On a December night in 2006, a slight woman wearing a thick woollen jacket stands on a step ladder and addresses a crowd gathered at a candlelit vigil at the site of the old Star Ferry terminal in Central. She rebukes the government for demolishing the pier without consulting the public and, at one point in her speech, the crowd becomes solemn as some intone the “dong, dong, dong, dong” sound of the bell from the once iconic clock tower.

The last ferry had sailed from the pier less than a month before and some hours later, police would arrest 13 protesters who tried to retake the terminal building.

Ho Loy, a cultural worker who is now 50, led the campaign to save the historic pier which marked the beginning of a wave of local consciousness (本土意識) that informed a series of social movements, most notably the campaigns to save Queen’s Pier, Wan Chai’s Lee Tung Street and the anti Guangzhou-Hong Kong high-speed rail movement.

Although localism seems to be a new phenomenon in Hong Kong, localist currents are not new. Professor Law Wing-sang of Lingnan University traces its first wave to the early 1970s, as a conceptual term expressing the affection for Hong Kong culture and values by those born and raised in the city.
Law says the second wave arose during the transitional years, when Hong Kong’s future handover to Chinese sovereignty was being discussed and a “sense of crisis” emerged as Hong Kong people sought to protect their economic and political systems and way of life.

The third wave of localism started after the handover with the social movements, led for the most part by the so-called post-’80s generation activists, sounding its arrival. The localism espoused by these activists focused on the need to preserve Hong Kong’s heritage, to acknowledge the real historical experience of all Hongkongers, especially the grassroots and to protect its culture and values. In that sense, it promoted the sense of a unique Hong Kong identity. The localism of that time also questioned the central narrative of Hong Kong as an economic city, driven by development and commerce.

It is only in more recent years that it has become characterised by a more political sense of segregation between Hong Kong and China, leading to the rise of localist groups calling for Hong Kong independence and national self-determination.

Some say the protests against the Guangzhou-Hong Kong high-speed railway in 2010 was the turning point, while others think it was Beijing’s rejection on August 31, 2014 of a free and open nomination process for election of the Chief Executive by universal suffrage.

After the demolition of the Central Star Ferry terminus, Ho Loy and the other activists formed a group called Local Action (本土行動) which played a key role in the campaign to save the nearby Queen’s Pier in 2007. The members were mostly cultural workers, artists, academics and activists, and counted Eddie Chu Hoi-dick among them. The activists took a creative but peaceful approach to protesting, staging cultural performances, sit-ins and occupations and going on hunger-strike.

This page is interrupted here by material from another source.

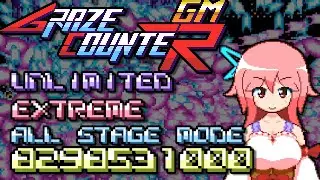 Graze Counter GM - UL-Extreme All Stage - ALL (Type-B) 8,298,531,000pts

Ho recalls it was a time full of possibilities. “We called it [the group] Local Action because we couldn’t think of a framework,” says Ho.

Although Ho says the organisation was rather loose and unfocused, she thinks it was also more diverse and open-minded compared with the localism of today.

“People possess a narrower imagination towards it now, they are less open to possibilities.” She finds it hard to engage with the concept of localism that emphasises nationalism and independence.

“I prefer the idea of self-determination, which refers to my value, an inner value,” she says.

Lingnan University’s Law Wing-sang says the massive July 1 protest of 2003, the Star Ferry and Queen’s Pier campaigns and the anti high-speed rail movement are significant incidents in which localism was a reponse to Hong Kong people’s sense of insecurity.

Law thinks the escalation in Hong Kong-Mainland conflicts since 2011 – such as the competition for maternity ward beds and infant milk powder and the Dolce & Gabbana incident where a store prevented locals from taking pictures but allowed mainland tourists to do so – gave rise to a new conception of  localism. He says this version is very political, with a stronger idea of nationalism and the pursuit of independence. Its supporters demand a fundamental change in the political system and different methods to achieve that goal.

“They evaluate the previous ideologies of localism as immature… They worked to no avail,” Law says.

He explains that current mainstream localist thought is a strong rebound from the previous expression of localism. And he attributes the backlash to a conflict in values and ideology. The earlier proponents of localism or local consciousness did not want to touch on ethnic issues and embraced universal values. In contrast, people now say localism is about segregation both from the Mainland and Mainlanders and they will use violent and even illegal means to resist power.

“[The conflict] creates the split of right-wingers and left-wingers,” says Law.